Reporter: Adinda Ade Mustami | Editor: Hendra Gunawan
JAKARTA. Bupati Tapanuli Tengah Raja Bonaran Situmeang memenuhi panggilan pemeriksaan yang dijadwalkan oleh Komisi Pemberantasan Korupsi (KPK), Senin (6/10). Mantan pengacara terpidana korupsi Anggodo Widjojo tersebut datang untuk diperiksa sebagai tersangka kasus dugaan suap dalam penanganan sengketa Pilkada Tapanuli Tengah di Mahkamah Konstitusi (MK) tahun 2011.
"Saya diperiksa sebagai tersangka hari ini dalam kasus dugaan suap Akil Mochtar, hakim di MK sehubungan dengan Pilkada Tapteng (Tapanuli Tengah)," kata Bonaran saat tiba di KPK, Jakarta, sekitar pukul 09.15, Senin (6/10).
Ketika ditanyai wartawan ihwal pemeriksaannya hari ini, Bonaran sempat menyebut-nyebut nama salah satu Komisioner KPK, Bambang Widjojanto. Bonaran merasa kasusnya dipolitisasi lantaran saat Pilkada Tapanuli Tengah, Bambang merupakan pengacara lawan Bonaran di Pilkada Tapanuli Tengah, Dina Riana Samosir.

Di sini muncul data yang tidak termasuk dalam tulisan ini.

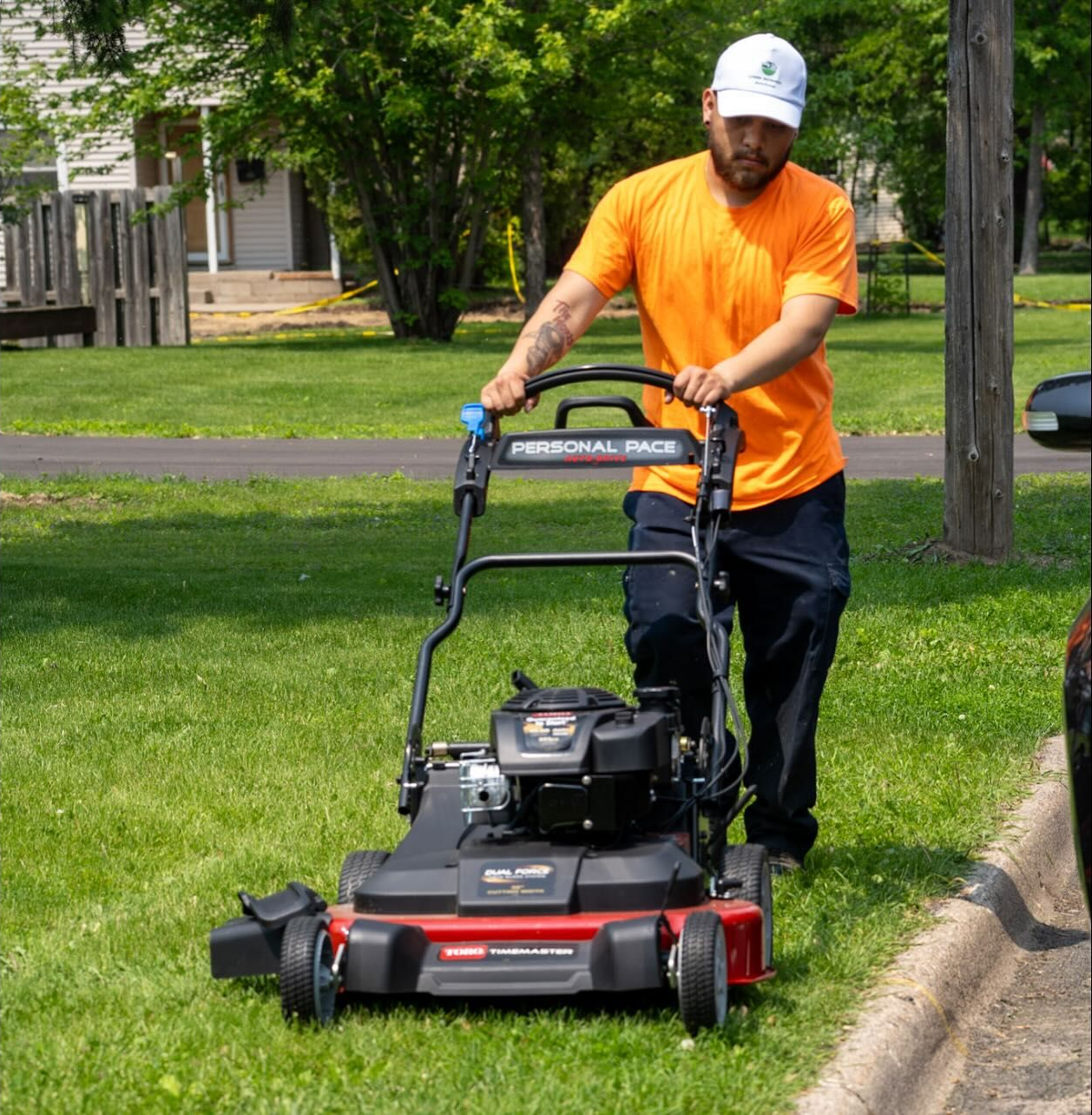 Worker in orange shirt pushing a red-and-black lawn mower across a grassy yard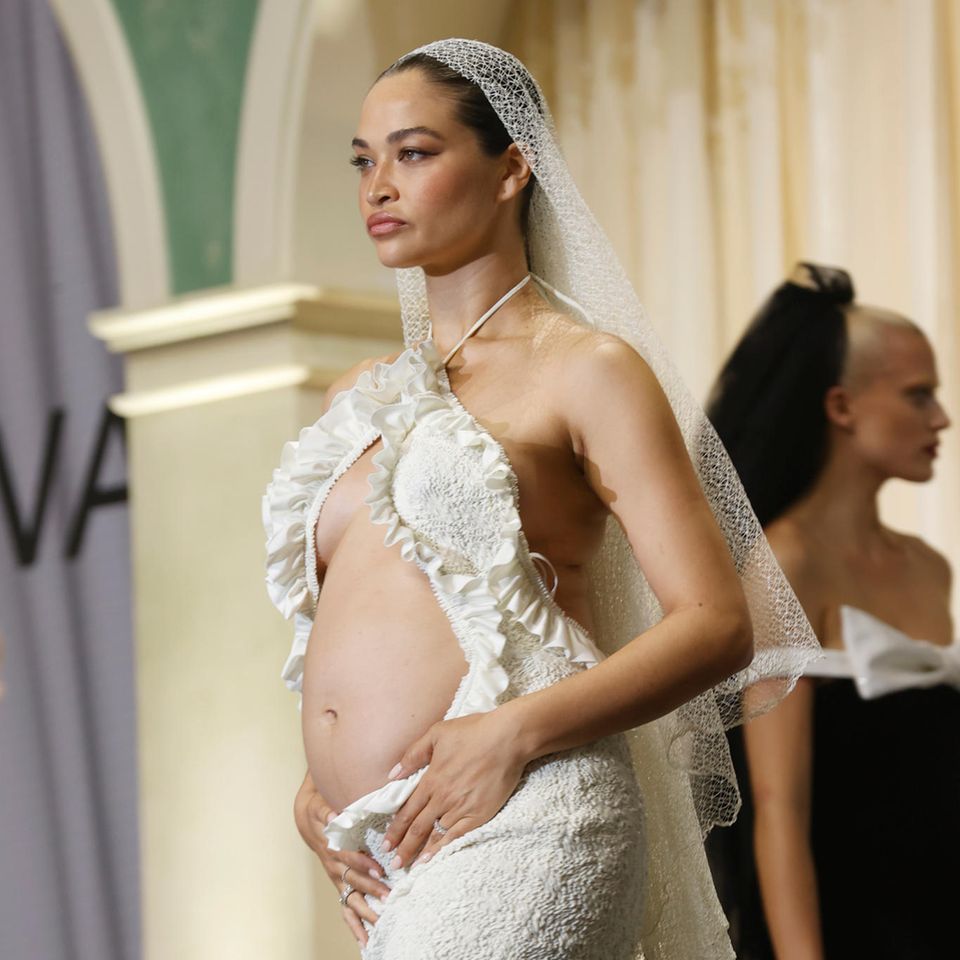 Was für ein Look! Auf dem Laufsteg der amfAR Cannes Gala 2022 präsentiert Model Shanina Shaik ihren Babybauch im besten Licht. In dem Kleid kommt er besonders gut zur Geltung, da die Cut-Outs genau an der richtigen Stelle sitzen.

"Tahukah kalian siapa lawan saya di Pilkada Tapteng yang ada di MK itu? Dina Riana Samosir. Siapakah pengacara Dina Riana Samosir? Waktu itu adalah Bambang Widjojanto yang sekarang salah satu komisi di KPK," ungkap Bonaran.
Lebih lanjut menurut Bonaran, salah satu gugatan yang diajukan kubu Dina melalui Bambang yakni agar Bonaran dan Sukran Jamilan Tanjung batal sebagai Bupati dan Wakil Bupati Tapanuli Tengah terpilih dalam Pilkada yang berlangsung pada tahun 2011 tersebut.
"Alasannya waktu itu adalah perkara
Anggodo. Apa relevansinya ditarik ke MK? hari ini perkara MK ditarik ke KPK," pungkasnya. Bonaran put tetap bersikukuh dirinya tidak melakukan upaya suap kepada Akil Mochtar. Selain telah menang suara, Bonaran juga berdalih bahwa dalam sengketa Pilkada di MK, Akil bukanlah hakim panelnya.
KPK telah menetapkan Bonaran sebagai tersangka kasus tersebut sejak Agustus 2014 lalu. Penetapan sebagai tersangka tersebut merupakan pengembangan penyidikan kasus korupsi terkait Pilkada MK dan pencucuian uang yang sebelumnya menjerat mantan Ketua MK Akil Mochtar.
Bonaran disangkakan melanggar Pasal 6 ayat 1 huruf a Undang-Undang Nomor 31 Tahun 1999 sebagaimana telah diubah dengan Undang-Undang Nomor 20 Tahun 2001 tentang Pemberantasan Tindak Pidana Korupsi. Pasal tersebut, memuat ancaman pidana penjara paling singkat tiga tahun dan paling lama 15 tahun, serta pidana denda paling sedikit Rp 150 juta dan paling banyak Rp 750 juta.
Dalam amar putusan Majelis Hakim Pengadilan Tindak Pidana Korupsi Jakarta, Akil terbukti menerima suap terkait penanganan sengketa Pilkada Tapanuli Tengah sebesar Rp 1,8 miliar. Pemberian uang tersebut diduga dilakukan dengan tujuan agar MK memutuskan Bonaran dan Sukran Jamilan Tanjung sebagai Bupati dan Wakil Bupati Tapanuli Tengah.
Sebelumnya, pasangan ini juga ditetapkan sebagai pemenang Pilkada Tapanuli Tengah oleh Komisi Pemilihan Umum Daerah (KPUD) Tapanuli Tengah pada Maret 2011. Namun, keputusan tersebut digugat oleh pasangan lawan, yakni Albiner Sitompul-Steven P B Simanungkalit dan Dina Riana Samosir-Hikmal Batubara.
Melalui perantara Bakhtiar Ahmad Sibarani, Akil meminta uang pemulus kepada Bonaran sebesar Rp 3 miliar. Akil meminta agar permintaannya itu ditransfer ke rekening tabungan atas nama CV Ratu Samagat dengan menuliskan uang tersebut sebagai pembayaran "angkutan batu bara”. Namun, Bonaran hanya sanggup memberikan Rp 2 miliar kepada Akil melalui Bakhriar.
Selanjutnya, dengan bantuan Subur Efendi dan Hetbin Pasaribu, Bakhtiar meminta uang disetorkan masing-masing Rp 900 juta ke rekening CV Ratu Samagat. Pada Juni 2011, permohonan keberatan hasil Pilkada Tapanuli Tengah ditolak sehingga Bonaran dan Sukran tetap sah sebagai pasangan bupati dan wakil bupati terpilih.